Stored data ::
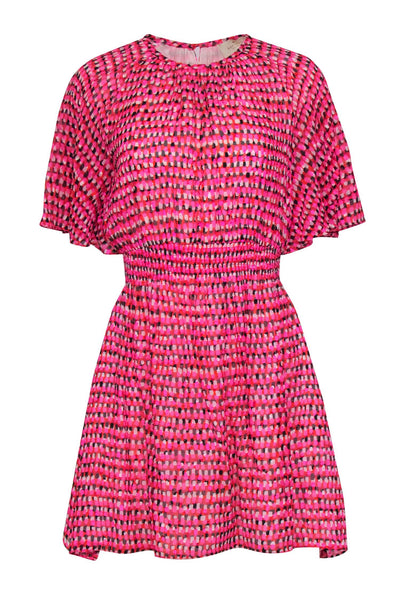 Current Boutique-Kate Spade - Pink & Red Printed Silk Blend Flutter Sleeve Dress Sz XS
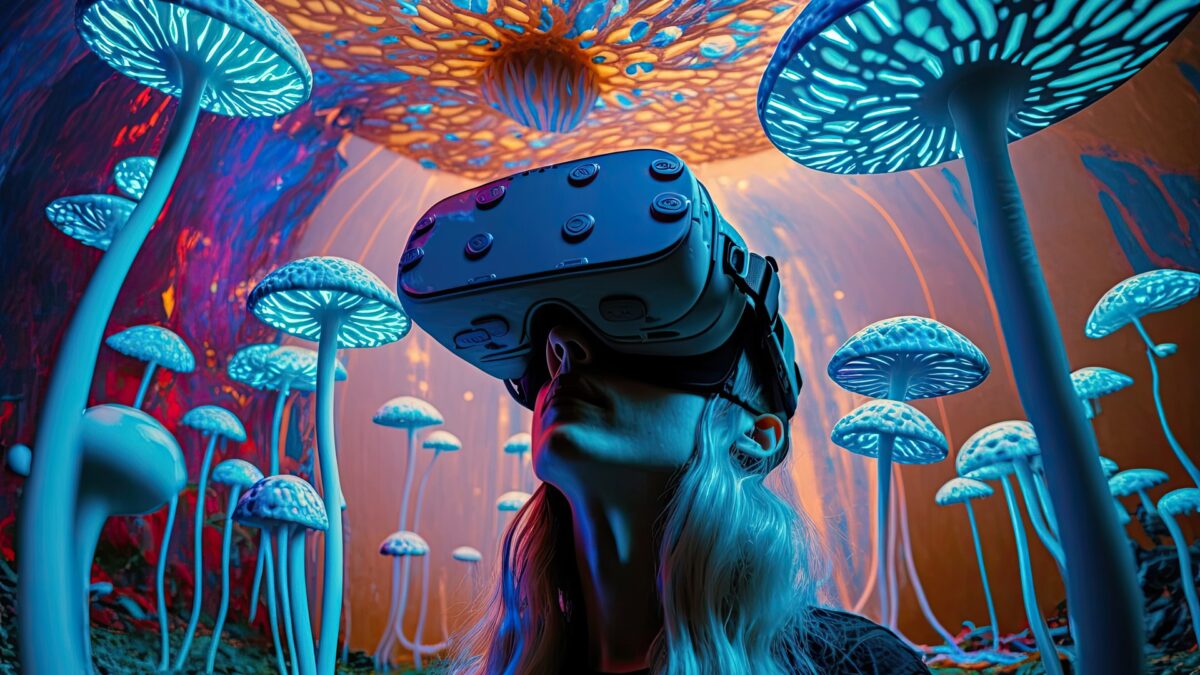 Woman with VR headset in colorful world of giant mushrooms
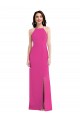 Open Back High Neck Halter Trumpet Crepe Maxi Dress UK
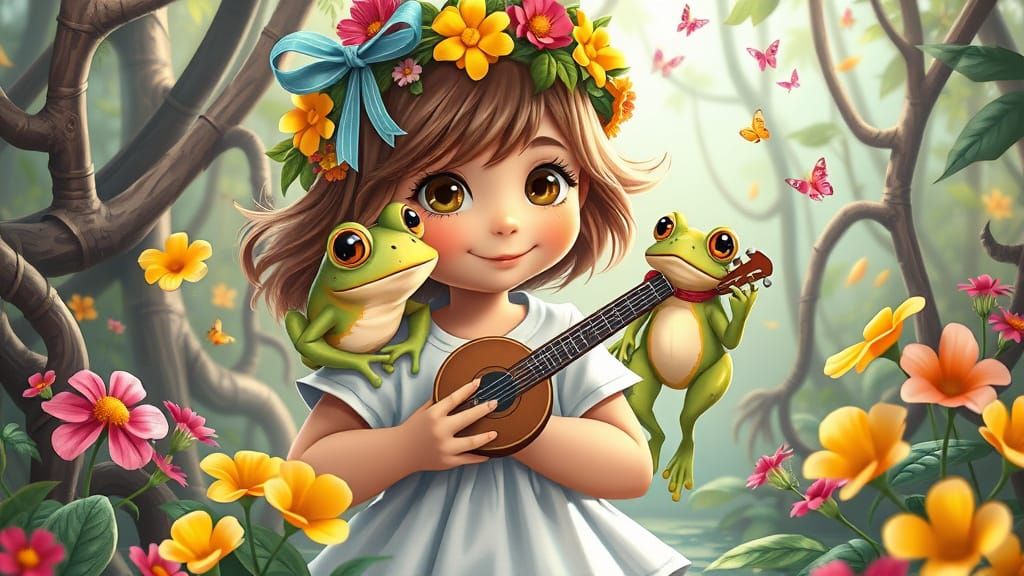 Charming Cartoon Frogs in Tropical Wonderland
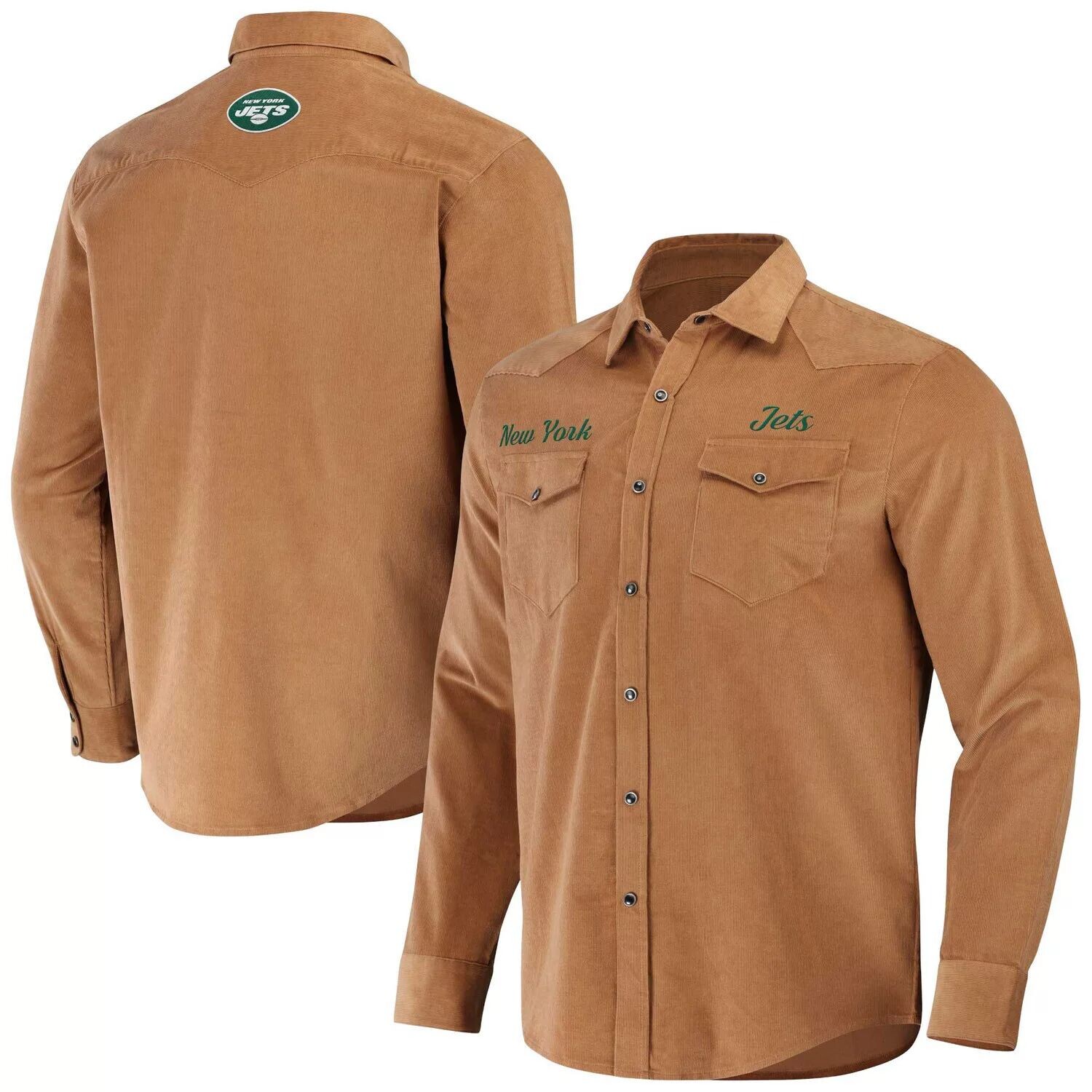 

Мужская рубашка на пуговицах из коллекции NFL x Darius Rucker от Fanatics Tan New York Jets Western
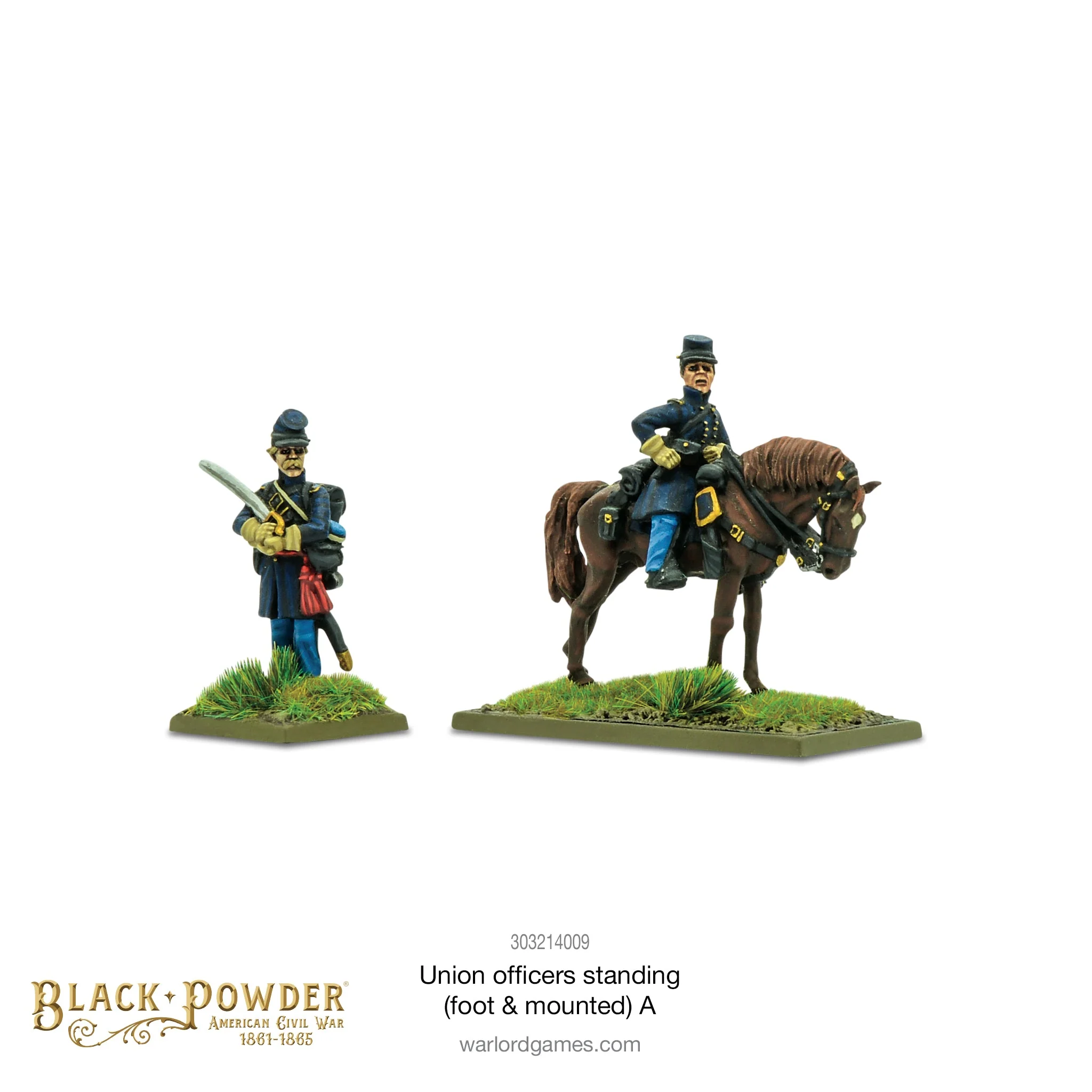 Black Powder American Civil War (28mm): Union Officers Standing (Foot & Mounted) A 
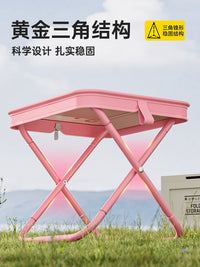 户外手包折叠凳便携笔袋小马扎露营地铁火车无座钓鱼神器户外板凳 卡皮巴拉蓝色【加粗加厚碳钢+加大加厚椅面】承重320斤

What you are asked to do :: A verbatim copy of every record is required, with all pictures excluded.

Answer section ::
 Current Boutique-Kate Spade - Pink & Red Printed Silk Blend Flutter Sleeve Dress Sz XS
 Woman with VR headset in colorful world of giant mushrooms
 Open Back High Neck Halter Trumpet Crepe Maxi Dress UK
 Charming Cartoon Frogs in Tropical Wonderland

Мужская рубашка на пуговицах из коллекции NFL x Darius Rucker от Fanatics Tan New York Jets Western
 Black Powder American Civil War (28mm): Union Officers Standing (Foot & Mounted) A 
 户外手包折叠凳便携笔袋小马扎露营地铁火车无座钓鱼神器户外板凳 卡皮巴拉蓝色【加粗加厚碳钢+加大加厚椅面】承重320斤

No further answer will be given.